» Data records:
++++++++
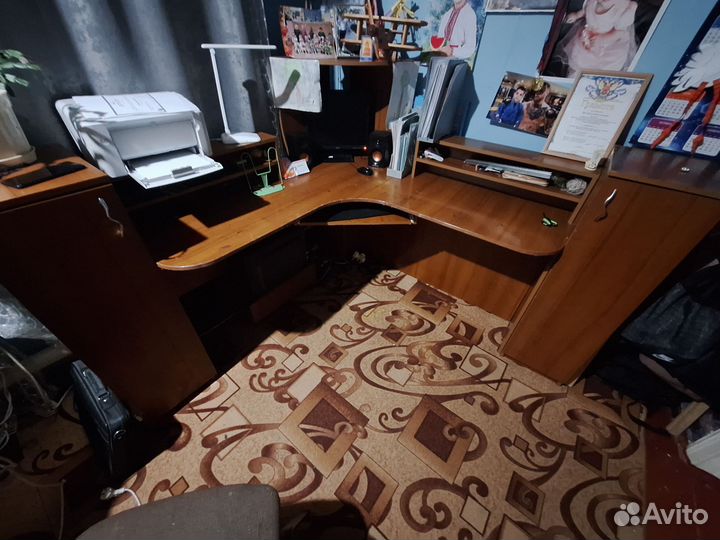 Компьютерный стол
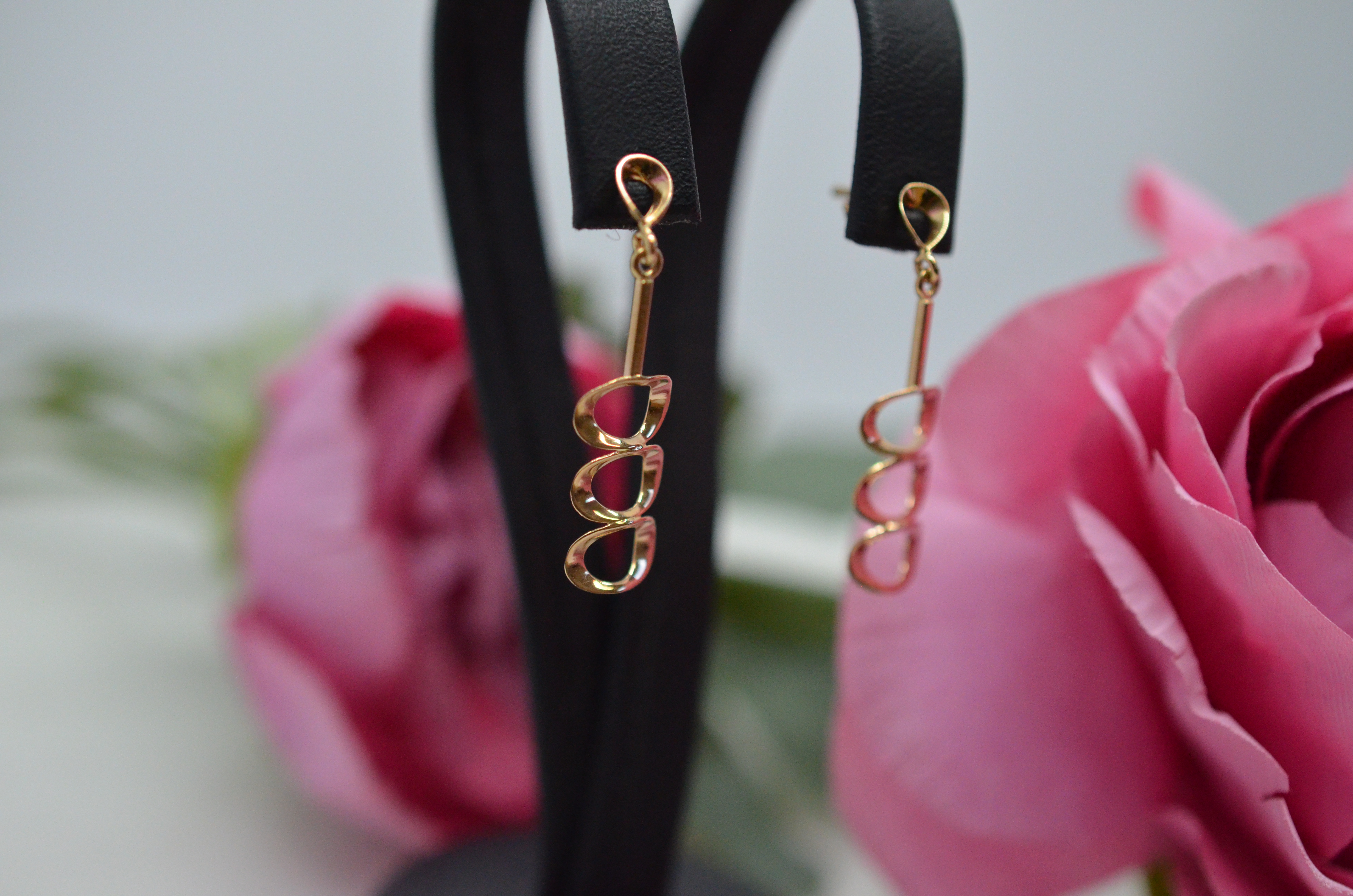 Vintage 18k earrings
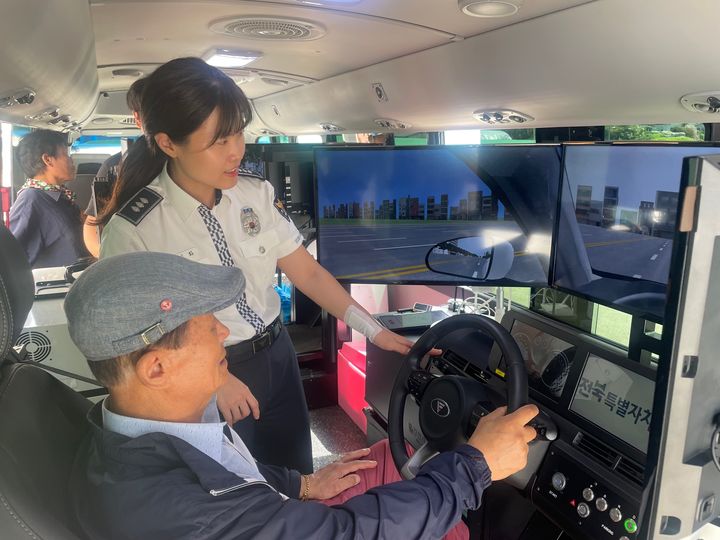 [전주=뉴시스] 전북경찰청은 올해 말까지 '2026년도 함께 찾아가는 고령자 교통안전 교육'을 추진한다고 9일 밝혔다. (사진=전북경찰청 제공) 2026.03.09. photo@newsis.com *재판매 및 DB 금지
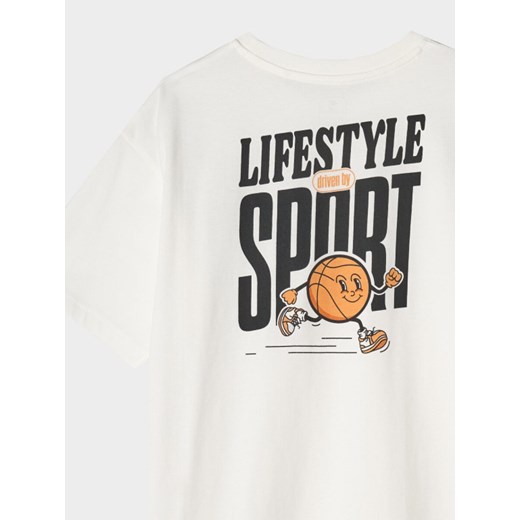 Chłopięcy t-shirt z nadrukiem 4F 4FJRSS25TTSHM2567 - biały ze sklepu Sportstylestory.com w kategorii T-shirty chłopięce - zdjęcie 179403951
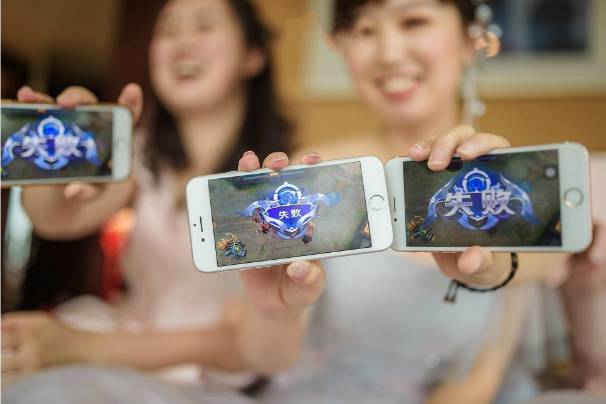 接亲游戏脚趾,趣味接亲游戏新玩法(图3) 接亲游戏脚趾,趣味接亲游戏新玩法(图3)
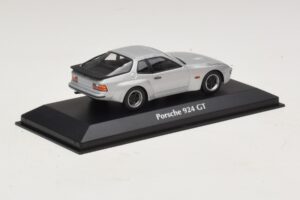 Porsche 924 GT Silver Maxichamps 1:43 940066122 Diecast — photo 2 of 5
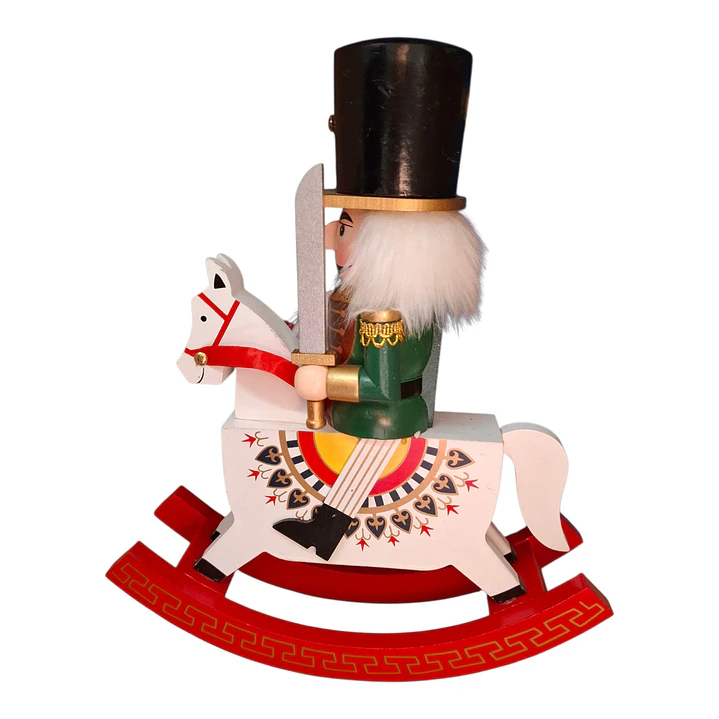 CASCANUECES CABALLO 2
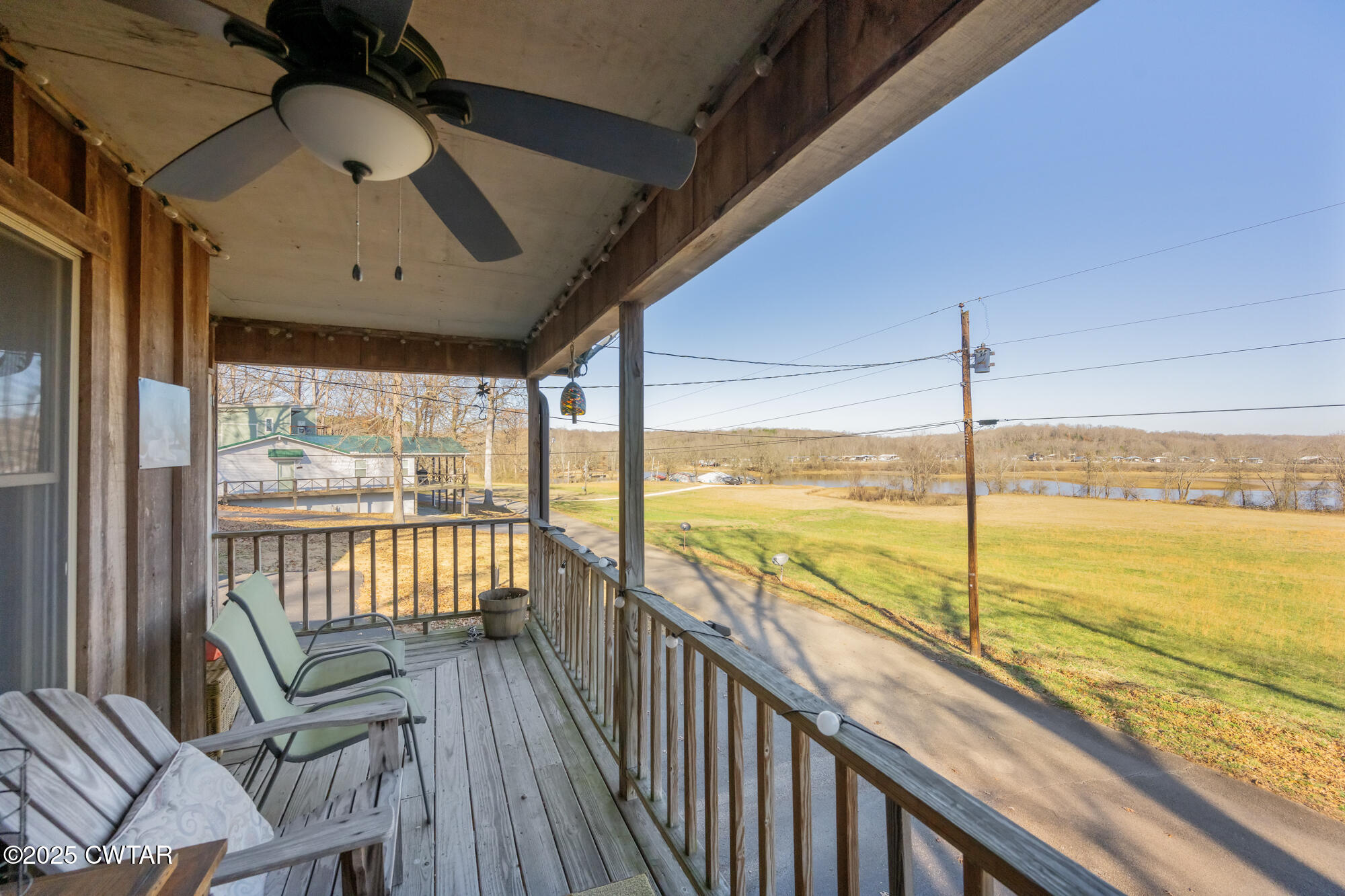 982 Lost Creek Boat Dock Road Decaturville, TN 38329 - Photo 7 of 31 a view of a balcony with ocean view
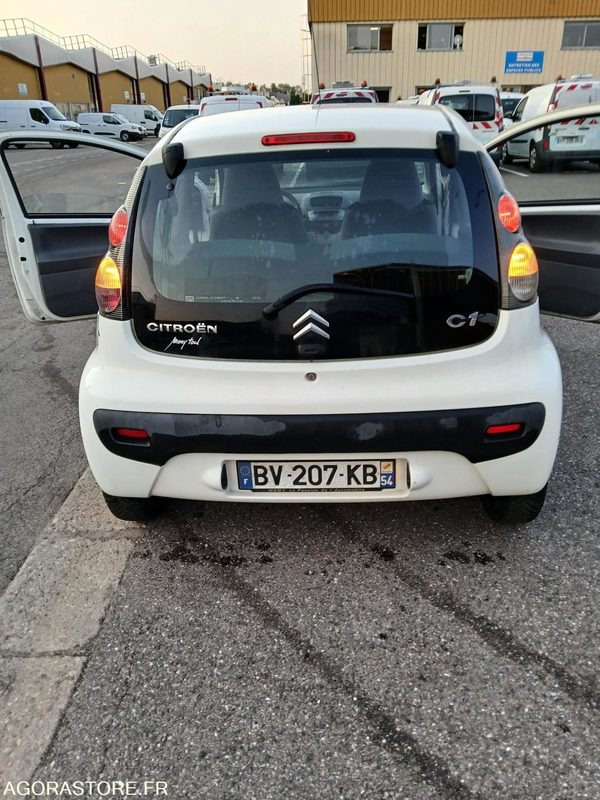 CITROEN C1 154913 KM CONTRE VISITE PROBLEME MOTEUR - Autó: 2 kép. CITROEN C1 154913 KM CONTRE VISITE PROBLEME MOTEUR - Autó: 2 kép.
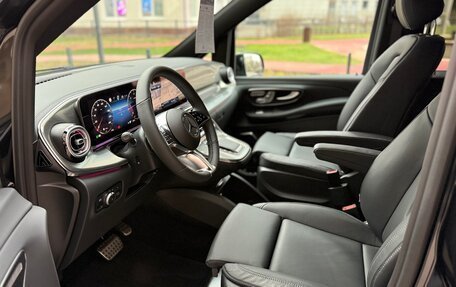 Mercedes-Benz V-Класс, 2025 год, 17 400 000 рублей, 9 фотография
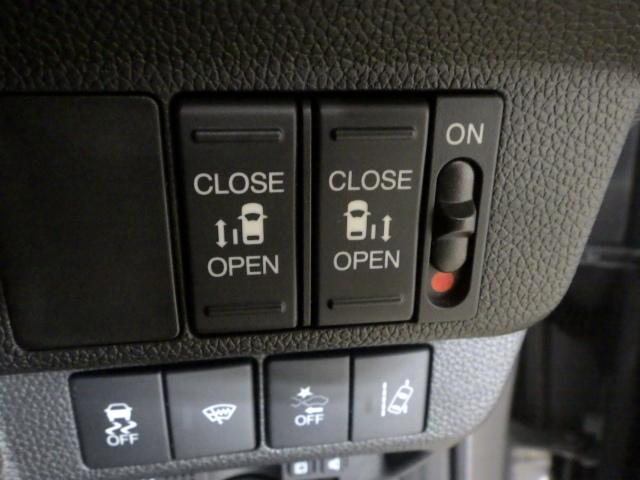 フリード+ハイブリッド ハイブリッドG・ホンダセンシング フリード+ハイブリッド・ルナシルバー・メタリック・ナビ・前後ドラレコ・サイドカーテンエアバック・LEDヘッドライト・ホンダセンシング・シートヒーター 衝突軽減 VSA Rカメラ 盗難防止装置 AC(12枚目)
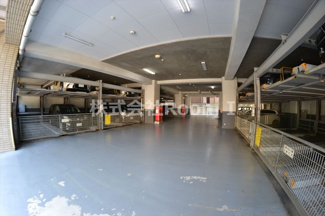 【駐車場】 | フォレステージュ谷町 | 駐車スペースもあります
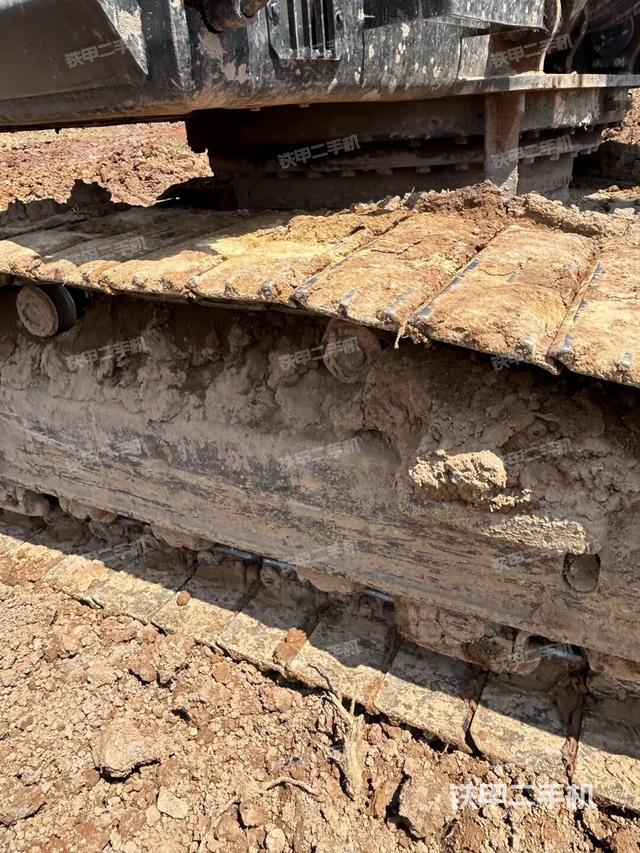 右側(cè)行走馬達(dá)蓋板（行走機(jī)構(gòu)）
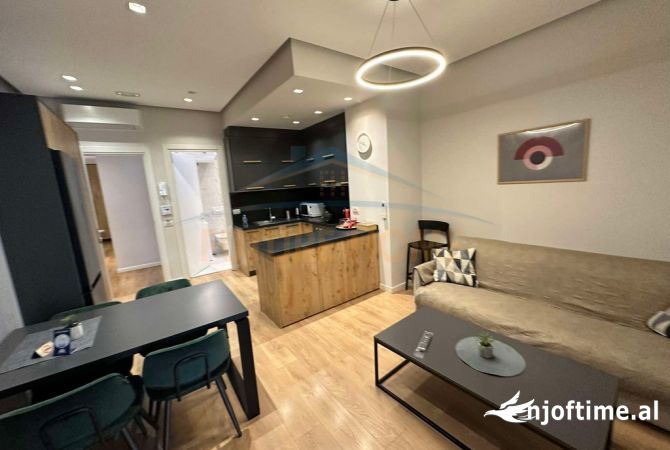 Shtepi ne shitje Apartament ne Tirane, 3+1, Mobilimi E mobiluar, Pagesa 1,060,000  Euro.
++++++++
» Exercise prompt: Without copying any picture, write out the entries exactly.

» Reply:
 Компьютерный стол
 Vintage 18k earrings
 [전주=뉴시스] 전북경찰청은 올해 말까지 '2026년도 함께 찾아가는 고령자 교통안전 교육'을 추진한다고 9일 밝혔다. (사진=전북경찰청 제공) 2026.03.09. photo@newsis.com *재판매 및 DB 금지
 Chłopięcy t-shirt z nadrukiem 4F 4FJRSS25TTSHM2567 - biały ze sklepu Sportstylestory.com w kategorii T-shirty chłopięce - zdjęcie 179403951
 接亲游戏脚趾,趣味接亲游戏新玩法(图3) 接亲游戏脚趾,趣味接亲游戏新玩法(图3)
 Porsche 924 GT Silver Maxichamps 1:43 940066122 Diecast — photo 2 of 5
 CASCANUECES CABALLO 2
 982 Lost Creek Boat Dock Road Decaturville, TN 38329 - Photo 7 of 31 a view of a balcony with ocean view
 CITROEN C1 154913 KM CONTRE VISITE PROBLEME MOTEUR - Autó: 2 kép. CITROEN C1 154913 KM CONTRE VISITE PROBLEME MOTEUR - Autó: 2 kép.
 Mercedes-Benz V-Класс, 2025 год, 17 400 000 рублей, 9 фотография
 フリード+ハイブリッド ハイブリッドG・ホンダセンシング フリード+ハイブリッド・ルナシルバー・メタリック・ナビ・前後ドラレコ・サイドカーテンエアバック・LEDヘッドライト・ホンダセンシング・シートヒーター 衝突軽減 VSA Rカメラ 盗難防止装置 AC(12枚目)
 【駐車場】 | フォレステージュ谷町 | 駐車スペースもあります
 右側(cè)行走馬達(dá)蓋板（行走機(jī)構(gòu)）
 Shtepi ne shitje Apartament ne Tirane, 3+1, Mobilimi E mobiluar, Pagesa 1,060,000  Euro.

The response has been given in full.